### Task material ###

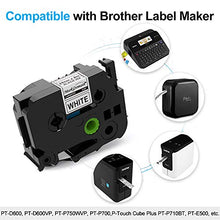 Load image into Gallery viewer, MarkDomain Compatible TZe-251 24mm Label Tape Replacement for Brother Ptouch TZe251 TZ251 TZe TZ Tape 24mm 0.94 Laminated White Tape for Brother PTD600 PT-P700 PT-P710BT PT2730 Label Maker, 3-Pack
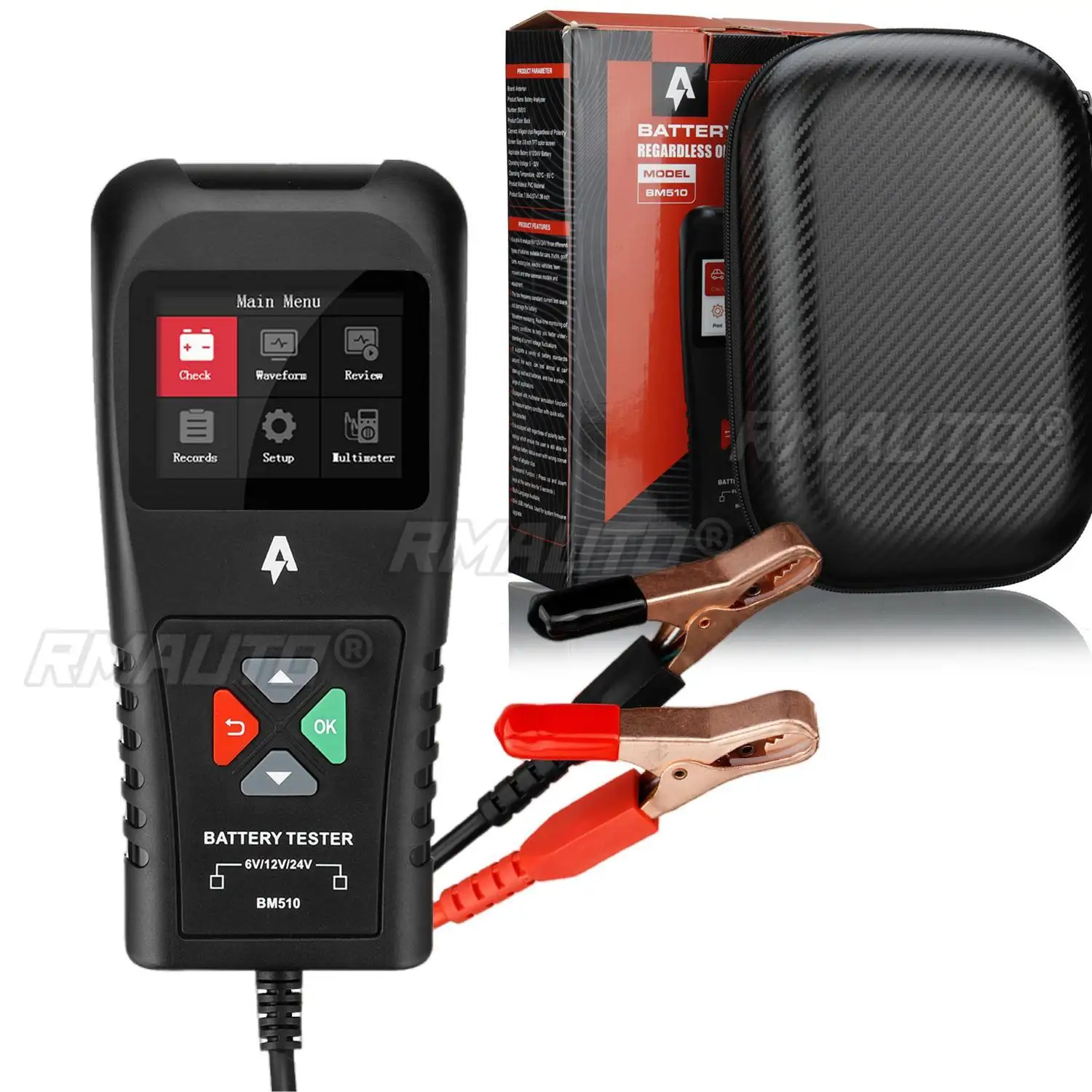

Andeman 6/12/24V Car Battery Tester Battery Load Tester Automotive Digital Auto Battery Analyzer Altern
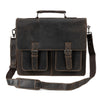JOSH 15,6" LAPTOP BAG/BRIEFCASE - BROWN - Leather Greenwood Bag | The Greenwood Leather Online Shop Australia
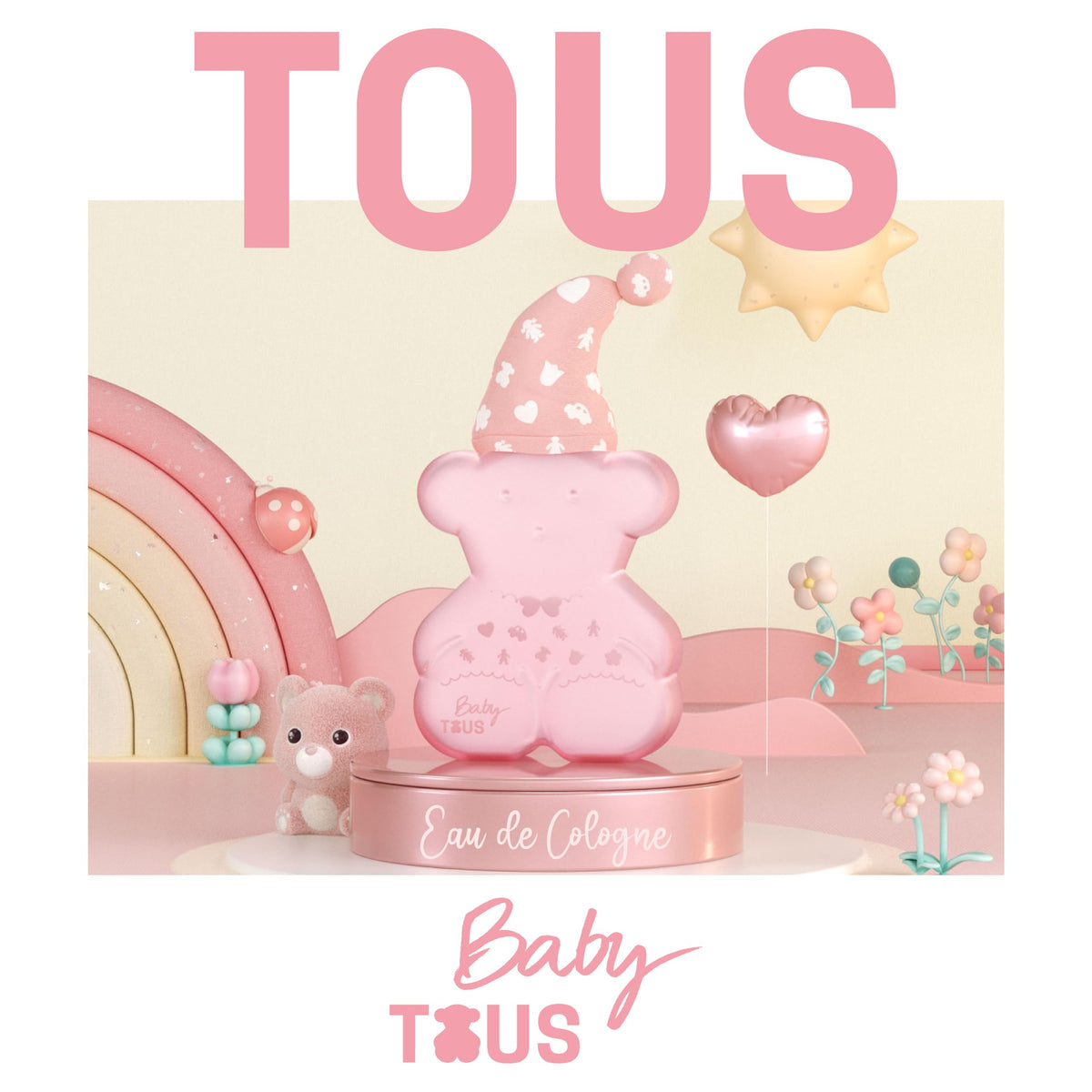 TOUS Baby Cologne close-up of fragrance notes neroli, mandarin, bergamot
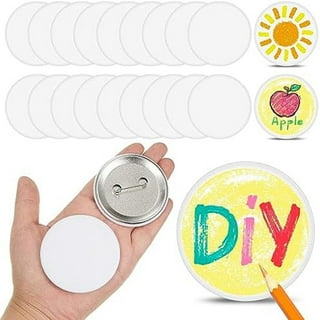 Histely 100 Sets 1 inch + 100 Sets 1.25 inch Button Maker Supplies for  Button Maker Machine, Sublimation Buttons Blanks with Pins, Plastic Pin  Buttons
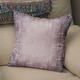 preview thumbnail 3 of 1, Kavka Designs purple purple distressed accent pillow with insert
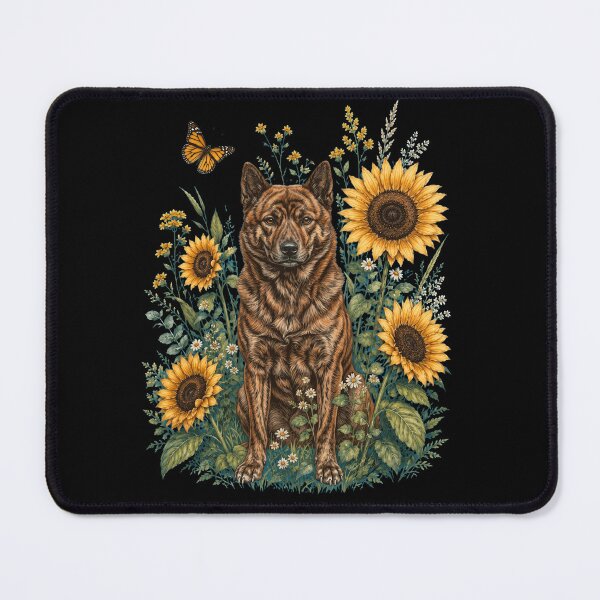 Item preview, Kai Ken With Sunflower Cottagecore Art Dog Owner designed and sold by TerryConnells.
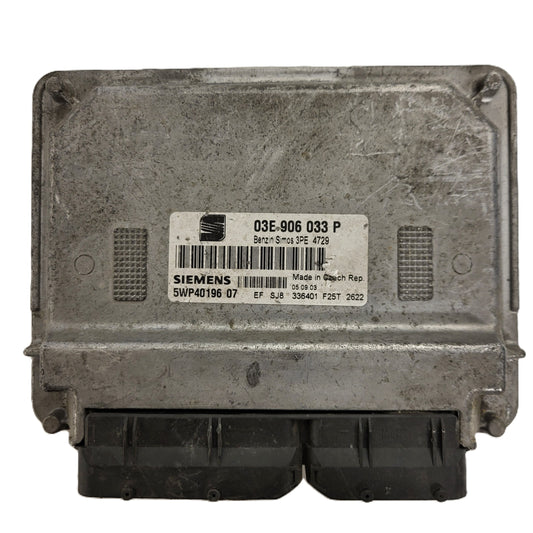 SEAT IBIZA ECU / 03E906033P / 5WP44304 07 / SIMOS 3PE SIEMENS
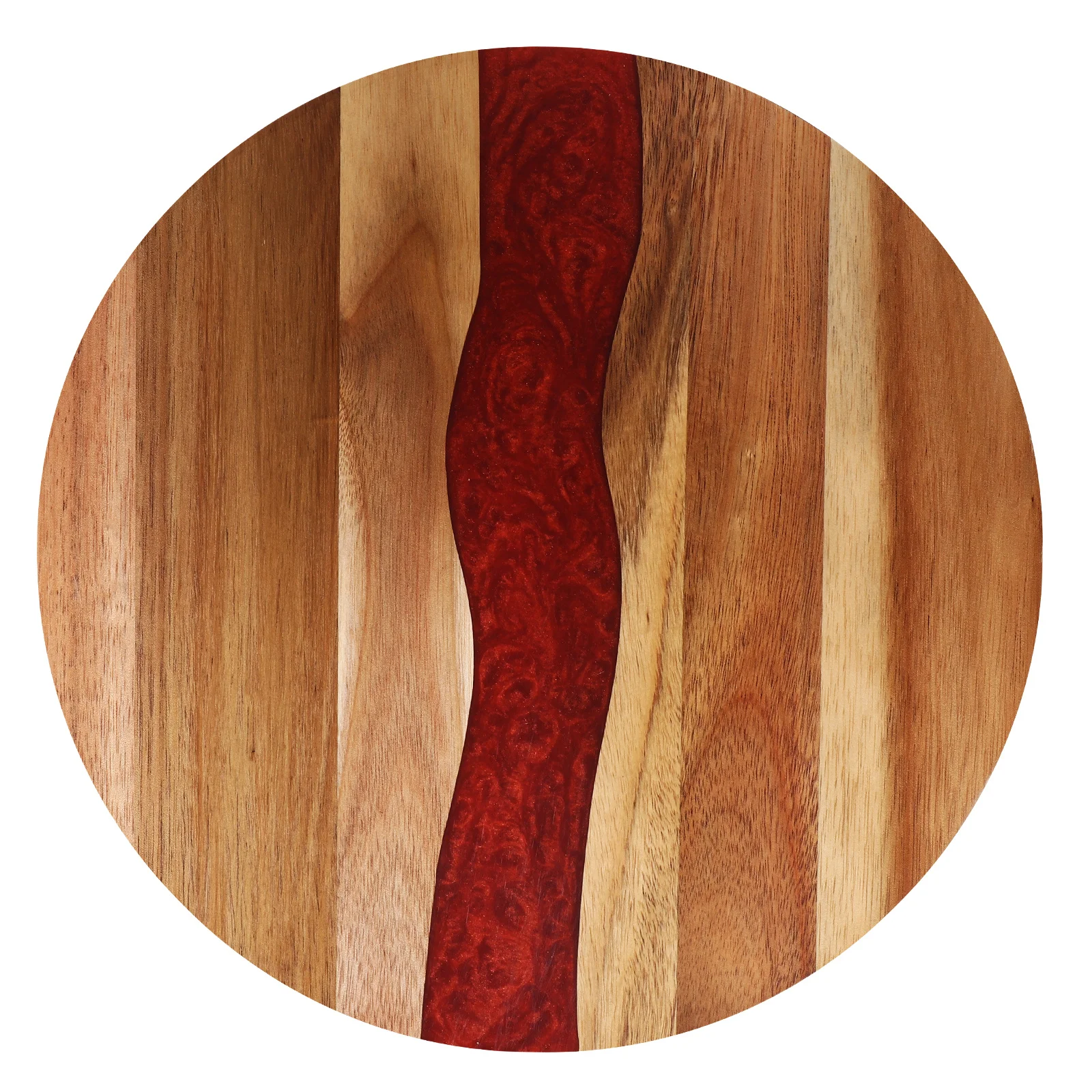 

Wood Round Cutting Board Kitchen Multi-Function Chopping Serving Charcuterie Cheese Meat Vegetable Bread Pizza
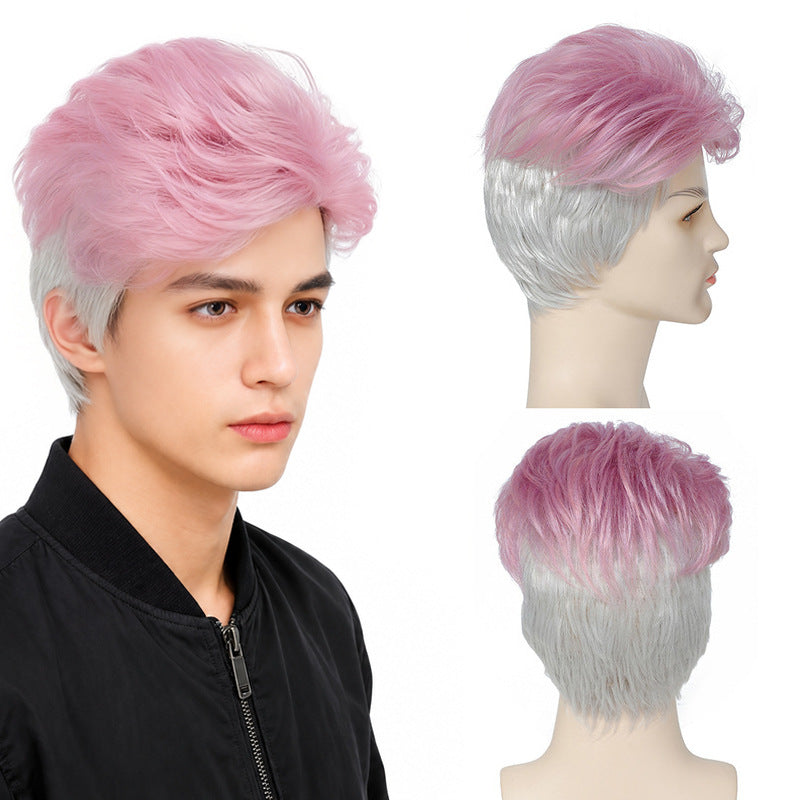 Men's Short Straight Hair Daily Wear Universal Cos Wig
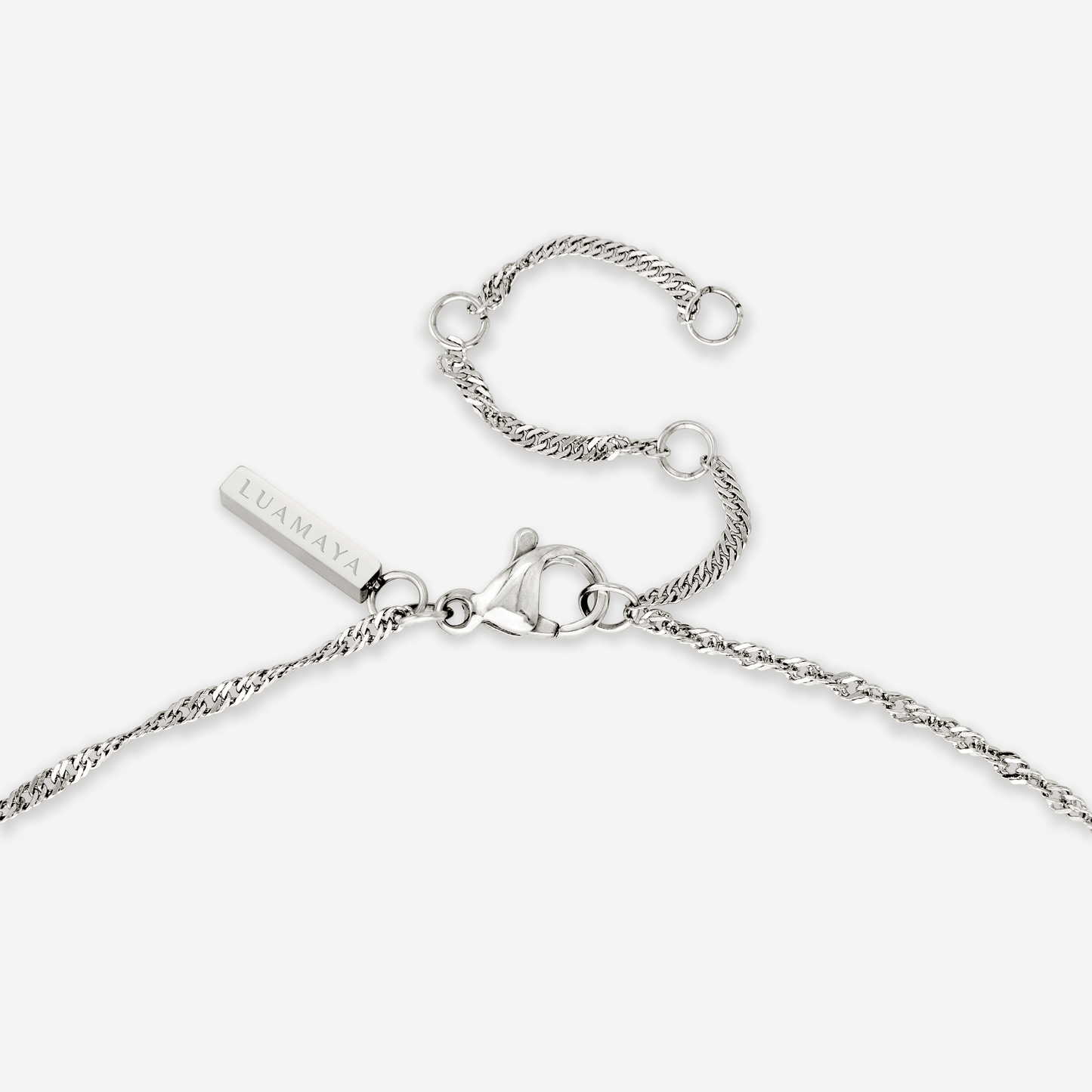 Bedazzle my Pretzel Collana Argento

###

_What the exercise asks_
Starting at the line that contains "Item preview, Kai", reproduce every line through the last one in the records exactly, and omit all pictures.

_Reply_
 Item preview, Kai Ken With Sunflower Cottagecore Art Dog Owner designed and sold by TerryConnells.
 SEAT IBIZA ECU / 03E906033P / 5WP44304 07 / SIMOS 3PE SIEMENS

Wood Round Cutting Board Kitchen Multi-Function Chopping Serving Charcuterie Cheese Meat Vegetable Bread Pizza
 Men's Short Straight Hair Daily Wear Universal Cos Wig
 Bedazzle my Pretzel Collana Argento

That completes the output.